DATA SUPPLIED:
----
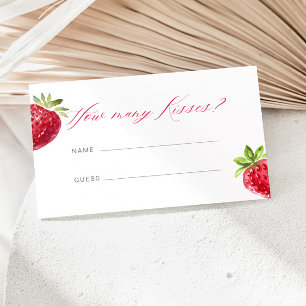 Tarjeta De Recepción Baya en amor Fresa Cuántos Besos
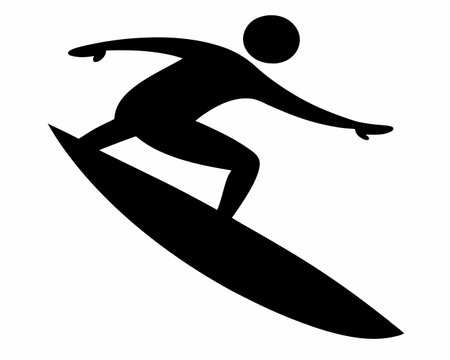 surfer icon on white background. vector illustration. flat style.のイラスト素材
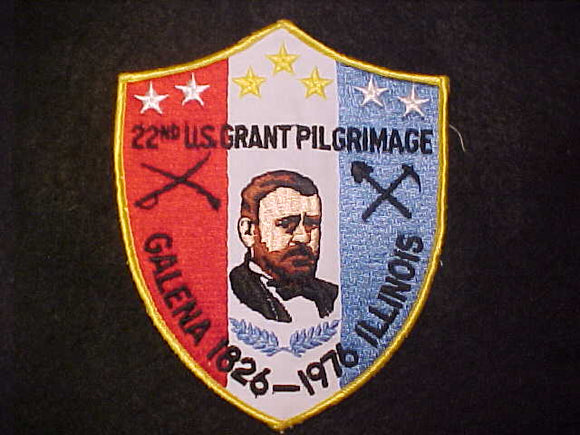 U. S. GRANT PILGRIMAGE JACKET PATCH, 1976, 7X5.5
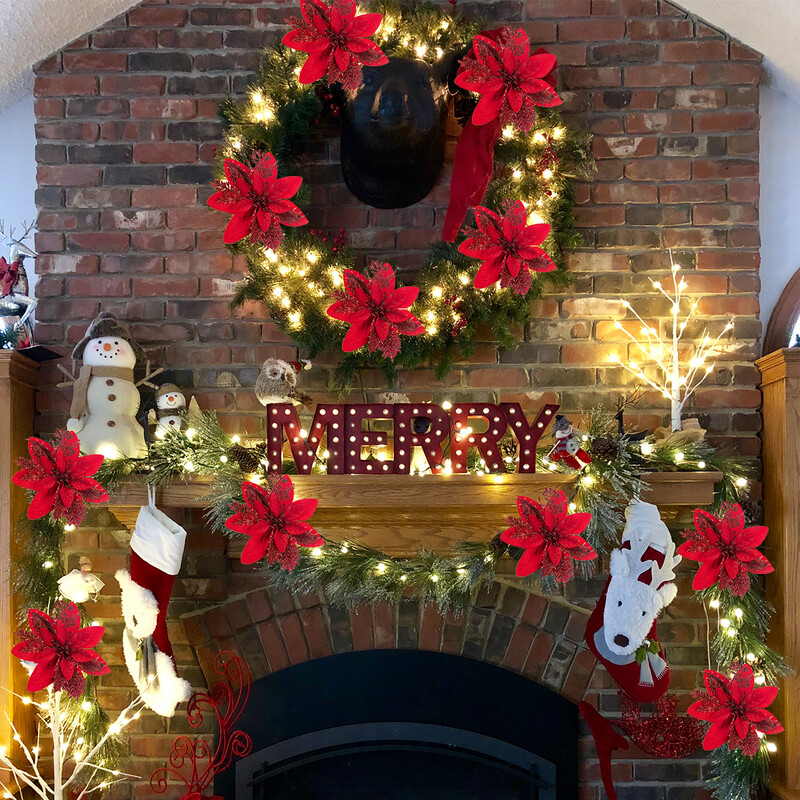 5/10 db 15 cm-es csillogó piros karácsonyi virágok mesterséges Mikulásvirág virágdíszek 2024 karácsonyi dekoráció otthonra, újévre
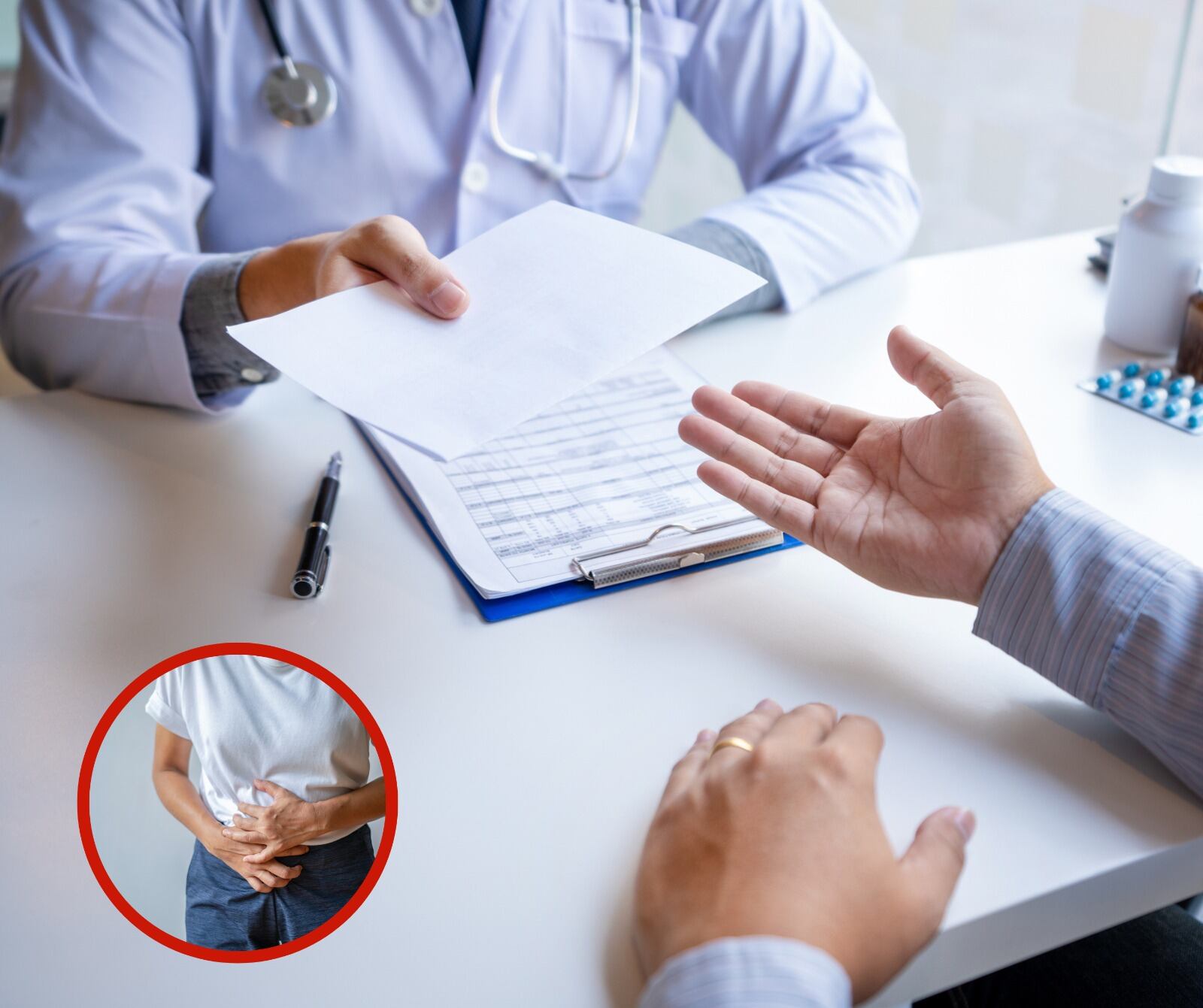 Médico dando un diagnóstico junto a una persona que tiene dolor (Fotos vía Getty Images)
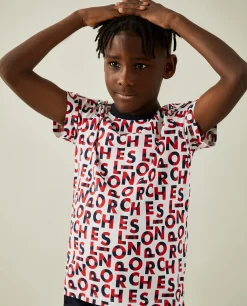 T-shirt de algodão com logotipo all over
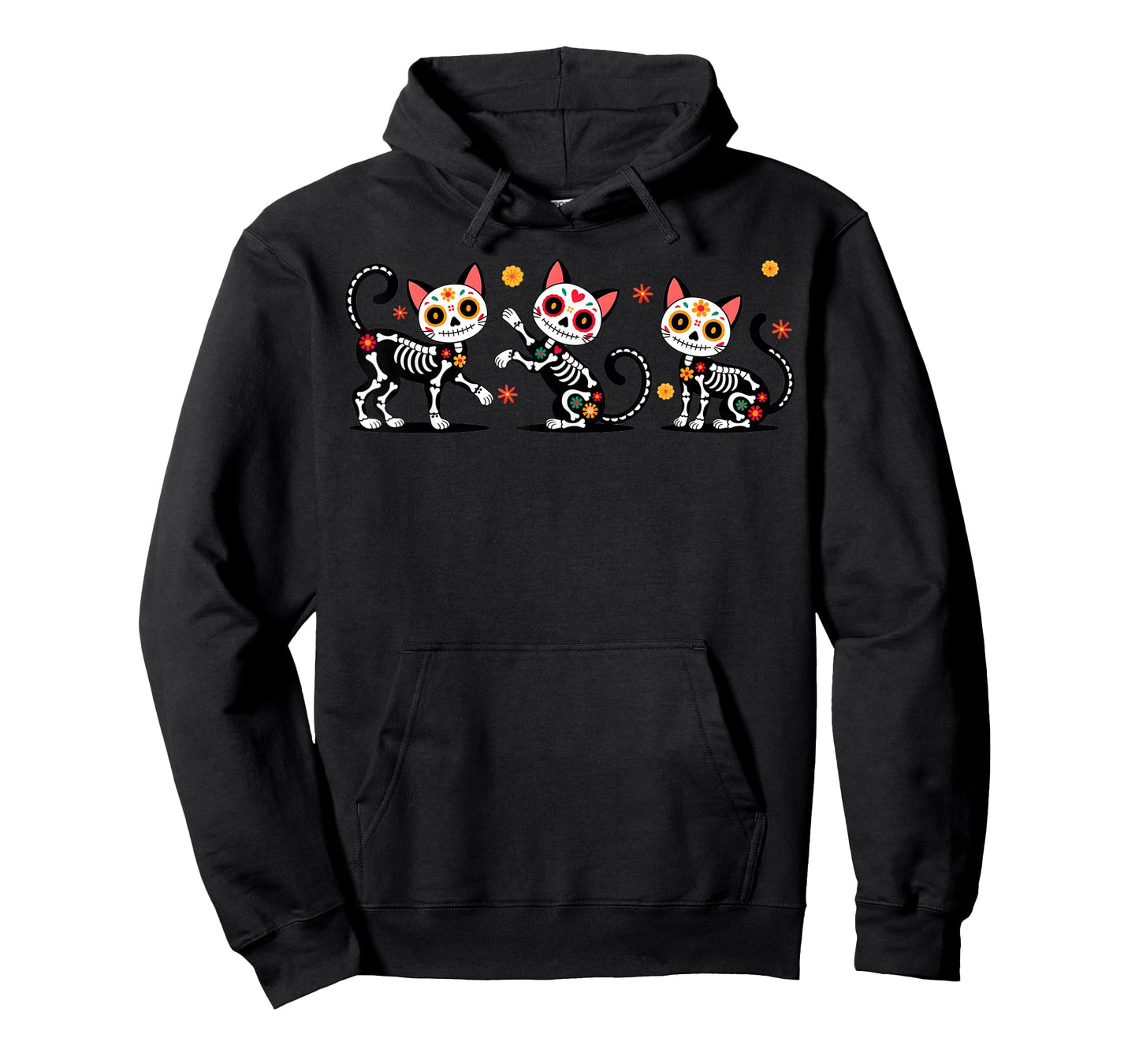 Day of The Dead Colorful Skeleton Cats Mexican Halloween T-Shirt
----
ACTIVITY: Starting with the first line of the material, print each line exactly until you have printed the line with "T-shirt de algodão com logotipo all over", and skip the pictures.

EXERCISE ANSWER:
 Tarjeta De Recepción Baya en amor Fresa Cuántos Besos
 surfer icon on white background. vector illustration. flat style.のイラスト素材
 U. S. GRANT PILGRIMAGE JACKET PATCH, 1976, 7X5.5
 5/10 db 15 cm-es csillogó piros karácsonyi virágok mesterséges Mikulásvirág virágdíszek 2024 karácsonyi dekoráció otthonra, újévre
 Médico dando un diagnóstico junto a una persona que tiene dolor (Fotos vía Getty Images)
 T-shirt de algodão com logotipo all over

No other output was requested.